Calcutta Notebook
I C

Rape is such a rising  social evil that every segment of the society feels unsafe today. Most of the victims and their families blame it on their fate for helplessness. One reason rape, rather gang-rape continually shows a upward swing in crime graph is the absence of any powerful social movement against objectification of women, pornography and vulgarisation of female bodies in visuals. Political parties, more precisely their women fronts are reluctant to organise public opinion against this menace. They are more interested in women’s reservation in parliament and legislatures. They talk eloquently about how to empower women through self-help group and panchayet. Some times, they talk of human rights only as a passing reference in any crisis situation. Maybe, drawing room feminists in this country don’t directly feel the heat and stigma of gang rape in their social environment.

Not that education alone will be able to make it a safe place to live in for all otherwise campuses where eve-teasers and rapists abound, would have been a scene of tranquillity and moral heaven. Rape-related violence is no less horrific than what is happening in streets and slums. The politicians with notorious criminal background are in almost all political parties including left parties. They themselves resort to rape to marginalise their opponents and rivals in politics and business.

People are losing faith in the custodians of law and order because they are hardly above board. They take the rape issues lightly unless there is political pressures from some quarters. Or they will show a little bit of activism if they sense money in the case.

In peace or in war rape is a powerful weapon against the socially and economically disadvantaged. In today’s world, millions of young women and children are kidnapped or sold by their starving families, or lured with the promises of employment and then sold across borders into a sex-slaves trade on a scale never seen before in history.

Sexual violence against women is embedded in the very nature of policing system and maintaining armies. Security forces always treat women as prizes while on duty or doing combing operation in Junglemahal or Chattisgarh.

An army whether in India or in USA, behaves in a similar way. The persons in power simply support the idea of moving troops from barracks to brothels to the battlefields. How America encourages its army to indulge in rape is now an open secret.
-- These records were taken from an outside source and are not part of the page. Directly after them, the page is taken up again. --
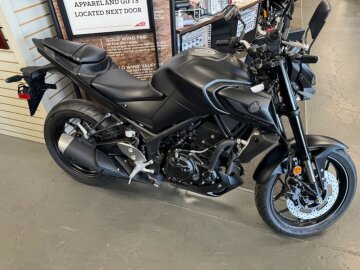 New 2024 Yamaha MT-03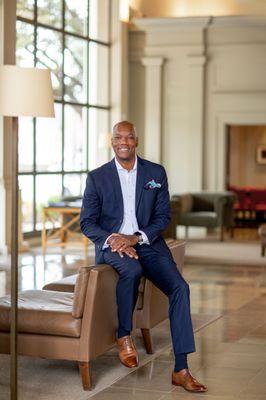 Keith Williams - CB & A Realtors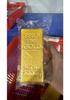 Simulate Gold Brick Squeeze Slow Rising Stress Relief Toy Realistic Gold Bar Anti-Anxiety Fidget Toy Party Favors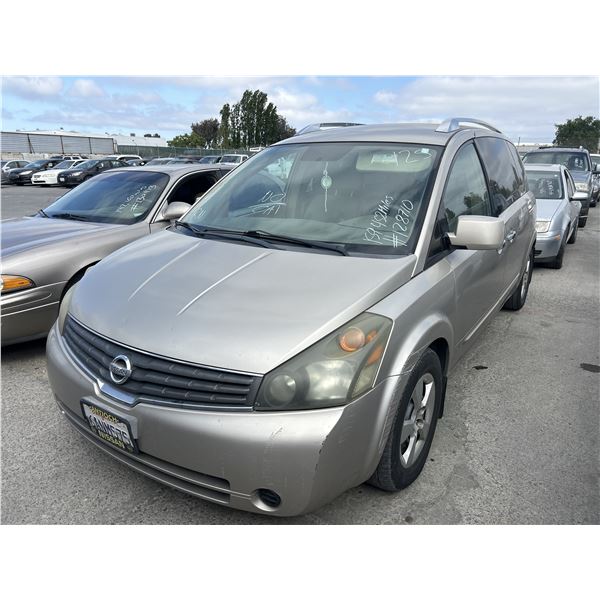 2007 Nissan Quest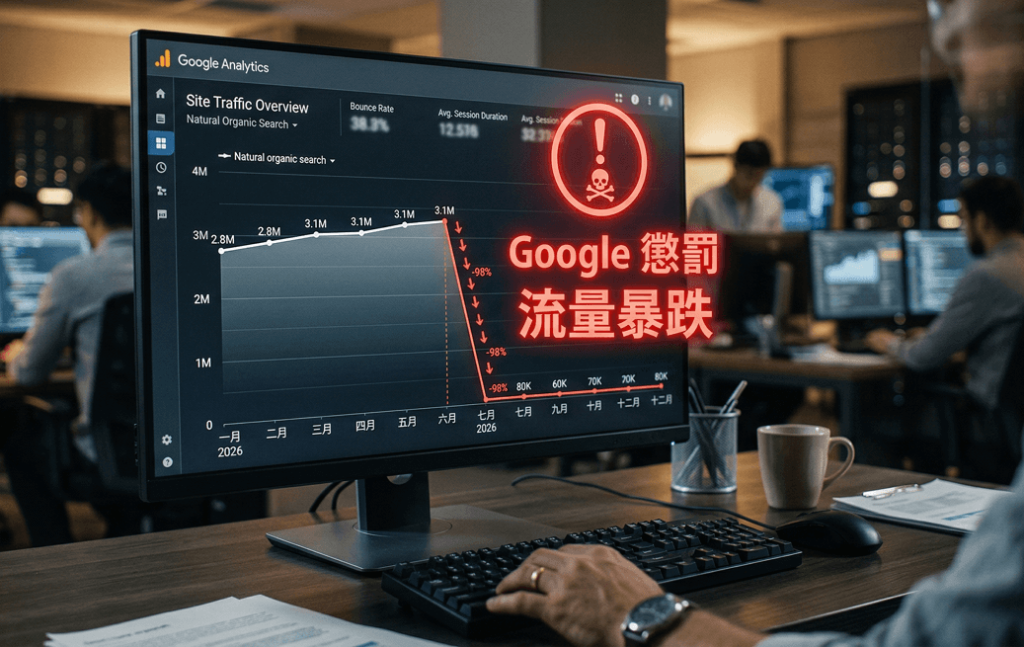 搜尋引擎的演算法已經變得極度聰明，盲目購買劣質外鏈不僅無法帶來長期的 SEO 效益，更會招致嚴厲的懲罰。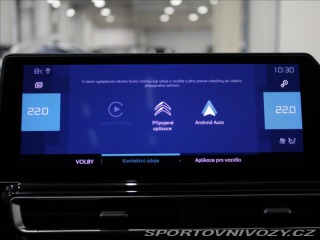 Citroën Ostatní modely C5 Aircross 1,6 PHEV 225k. PANO.14tkm 2024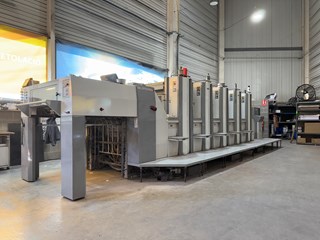 Used Sakurai sheet fed machines | pressXchange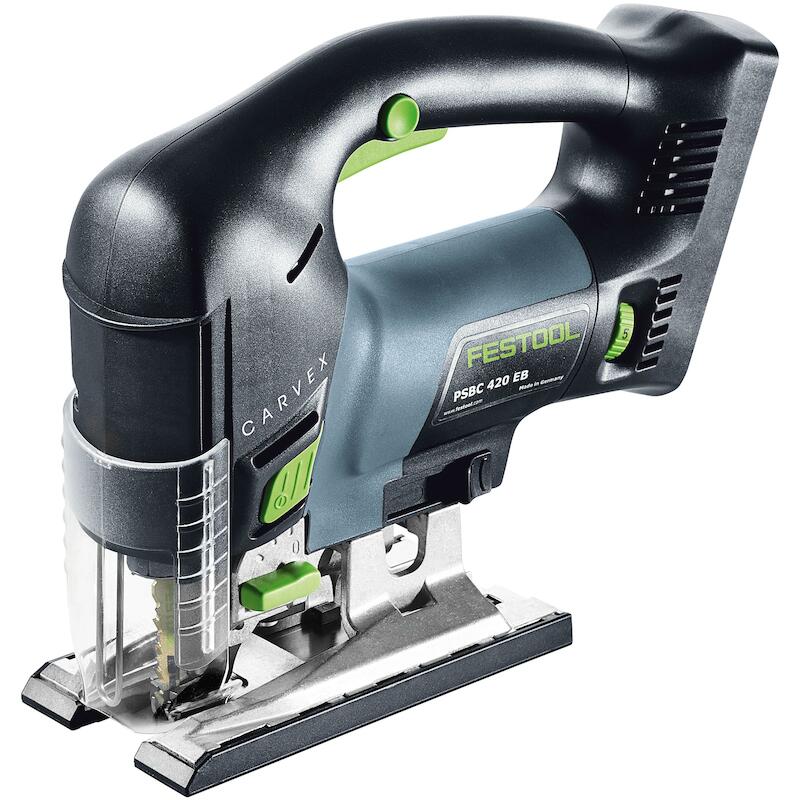 ACCU-DECOUPEERZAAG PSBC 420 EB-BASIC CARVEX - 576530 - FESTOOL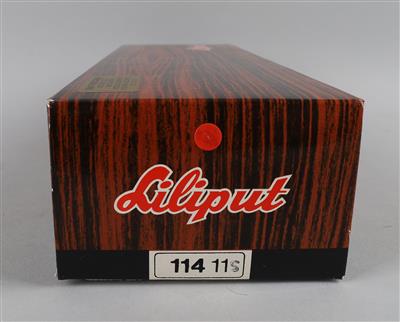 Liliput H0 11411 E-Lok der ÖBB, - Toys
In the US military women are raped and sexually assaulted by male soldiers at nearly twice the rate as in civilian society; nearly 1 in 3 women soldiers will be raped and assaulted in the short span of 2-6 years while serving. Women soldiers are more in danger of being raped by a fellow soldier than of being killed by enemy fire. Because of the element of betrayal, rape and sexual assault contributes more strongly to developing Post Traumatic Stress Disorder (PTSD) than combat-related stress. The long-term consequences for these women are severe PTSD and lifelong problems with depression, alcohol abuse, and chronic illness. Journalist Helen Benedict, who has studied women serving in Iraq, said the woman-hating in military culture is so pervasive, from boot camp through active duty, that she could only describe it as "sexual persecution."

The response of the US military command structure has been to downplay and cover up this epidemic wherever possible, or to give lip service to promises of reforms, while continuing to do little or nothing. Women who report military sexual assault can expect to be ignored, threatened and retaliated against, including by being diagnosed with a "psychiatric disorder" and discharged. As a result, the great majority of women who are raped or sexually assaulted do not report it.
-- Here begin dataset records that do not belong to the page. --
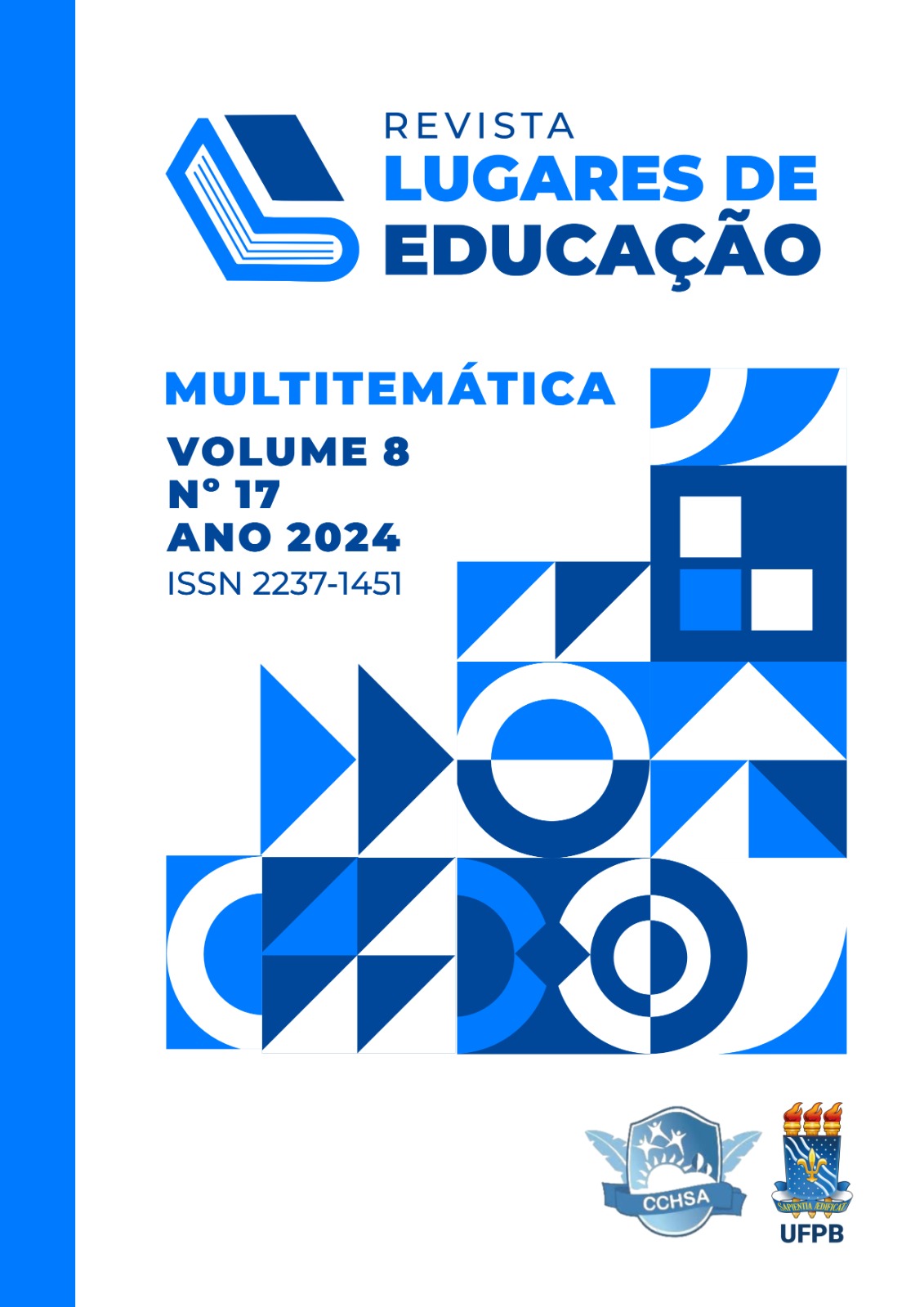 					Visualizar v. 8 n. 17 (2024): Multitemática
				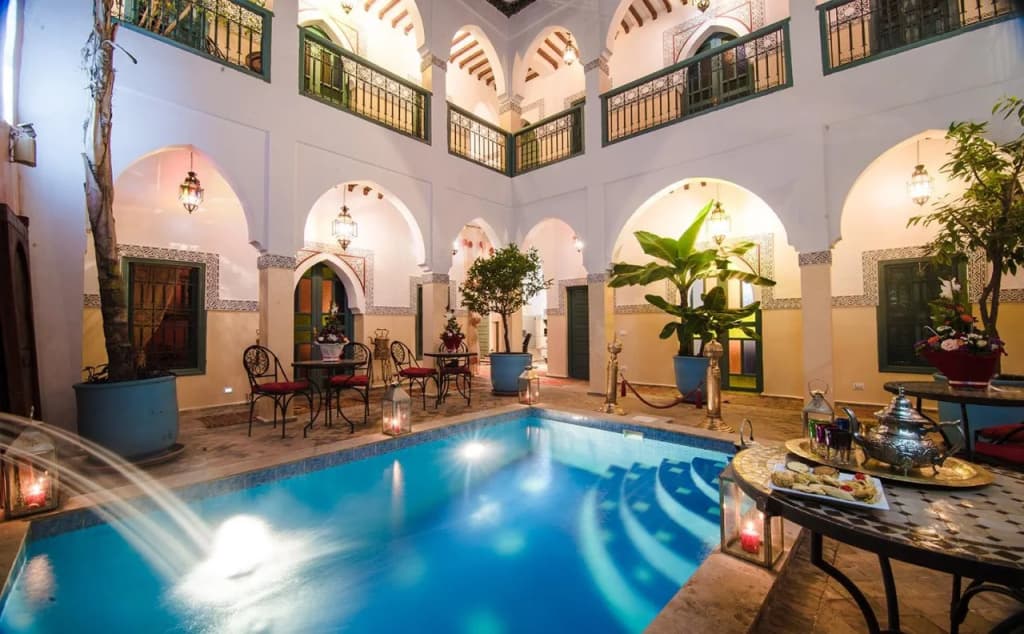 Riad Caesar - photo 17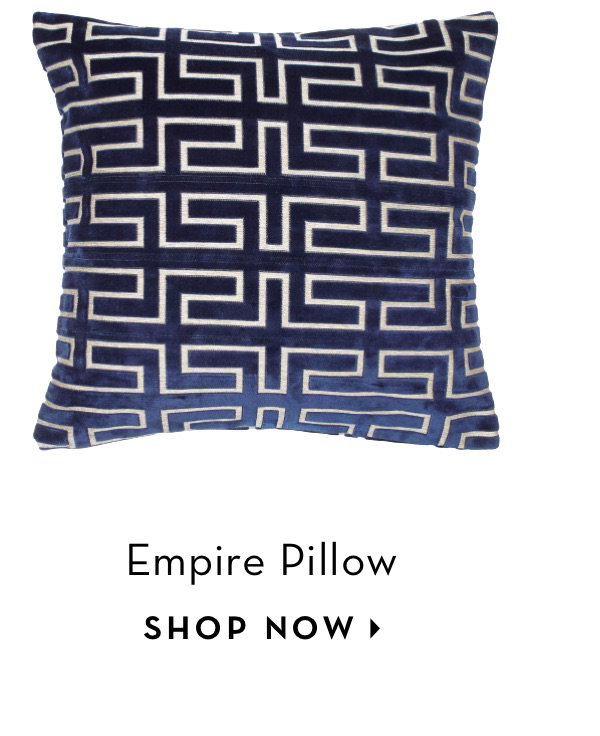 Empire Pillow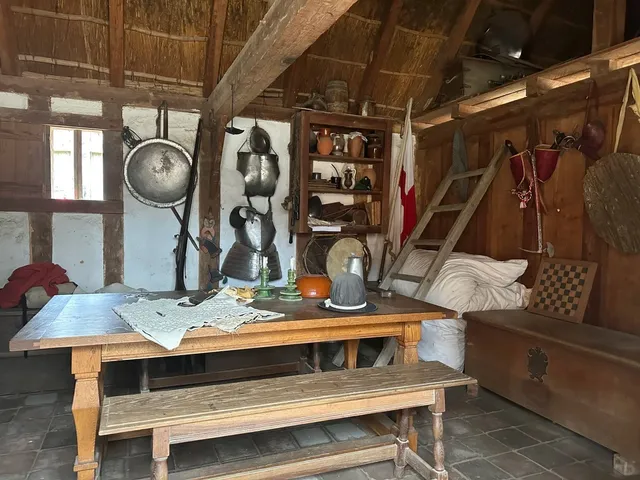 Jamestown Settlement: The First English Colony in North America 🏴󠁧󠁢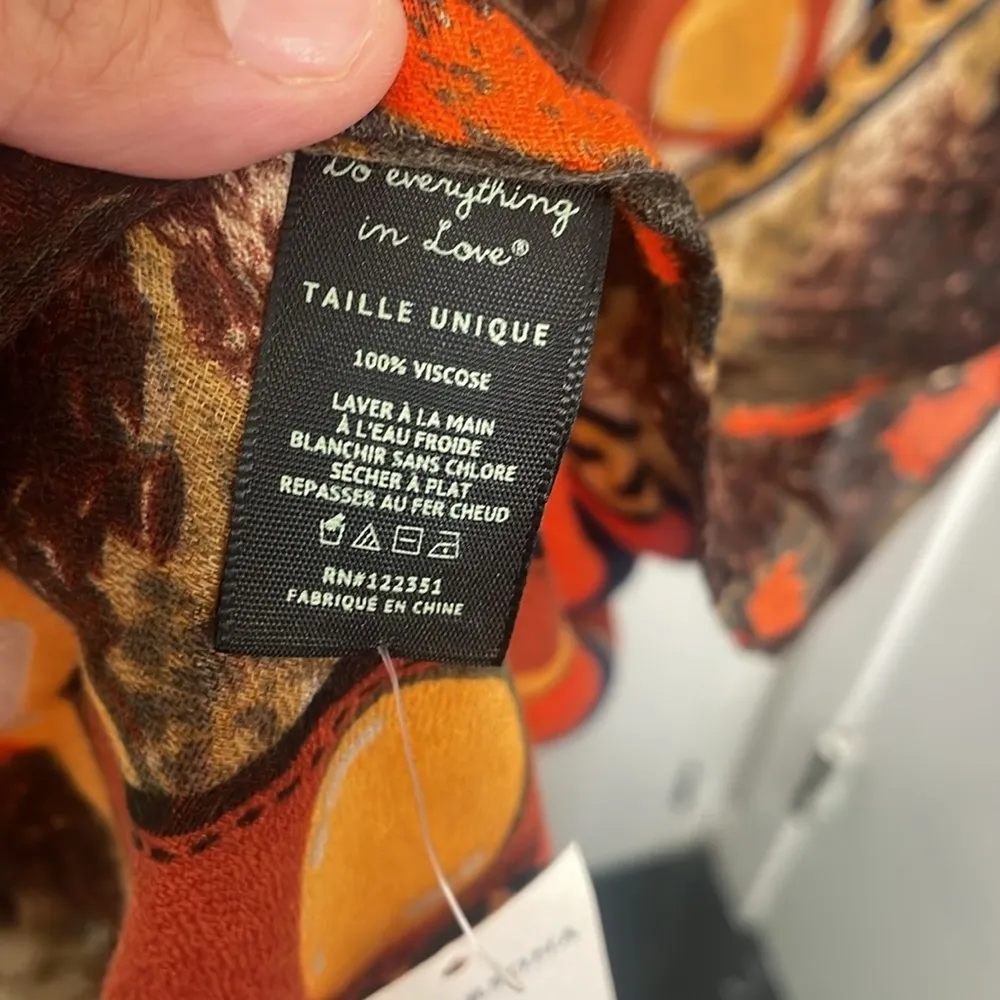 Kimono, new with tags, one size - Image 3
At the same time, in the military, sex is increasingly equated with violence. The most grotesque scenes of sexualised torture from the US-run Abu Ghraib prison in Iraq are reproduced at porn sites, as are battlefield scenes of Iraqi women's bodies with their clothes torn off; there are even depictions of US soldiers gang-raping Afghani women during military assaults. This is all part of degrading those they conquer.

With more than 200,000 troops stationed in 130 countries-not counting the 90,000 troops in Afghanistan or the hundreds of thousands of private contractors working for the military, sex slavery flourishes around US bases worldwide. In 2009 former prostitutes in South Korea accused their government and the US military of taking a direct hand in the sex trade from the 1960s to 1980s, complete with a testing and treatment system to ensure the prostitutes used by American troops were disease-free. "Our government was one big pimp for the US military," one of the south Korean women said.
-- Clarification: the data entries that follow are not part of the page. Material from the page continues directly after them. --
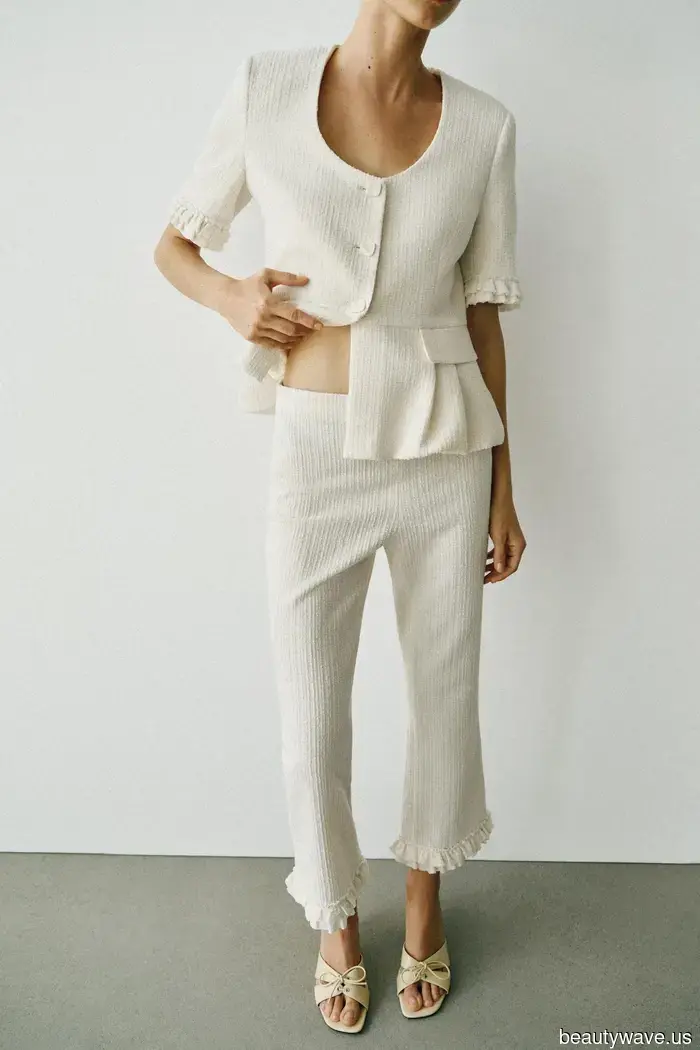 Italian women are the most stylish dressers—17 pieces they'd select from Zara's newest collection.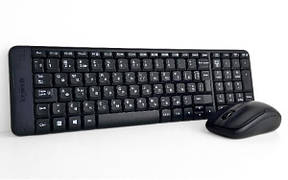 Комплект (клавіатура + миша) Б/В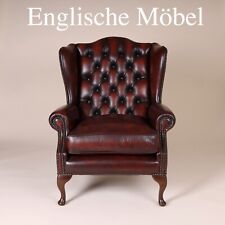 Englische Möbel Chesterfield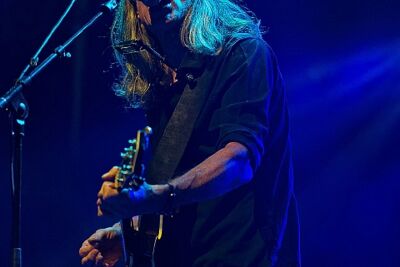 Guy Swinnen Band @ Olensfest 2016, picture 26, photographed by Edwin Houdevelt - FrontView Magazine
The issue of Korean ‘comfort women’ has been stressing Korean psyche since the Japanese invasion during the second world war. In truth what is true of US army is true for all reactionary armies.

Political parties in India seem to have accepted this universal truth as normal as anything else. Rape is being increasingly institutionalised while murmur expressed by the civic society and that too occasionally, is too inadequate to cope with the situation in its entirety.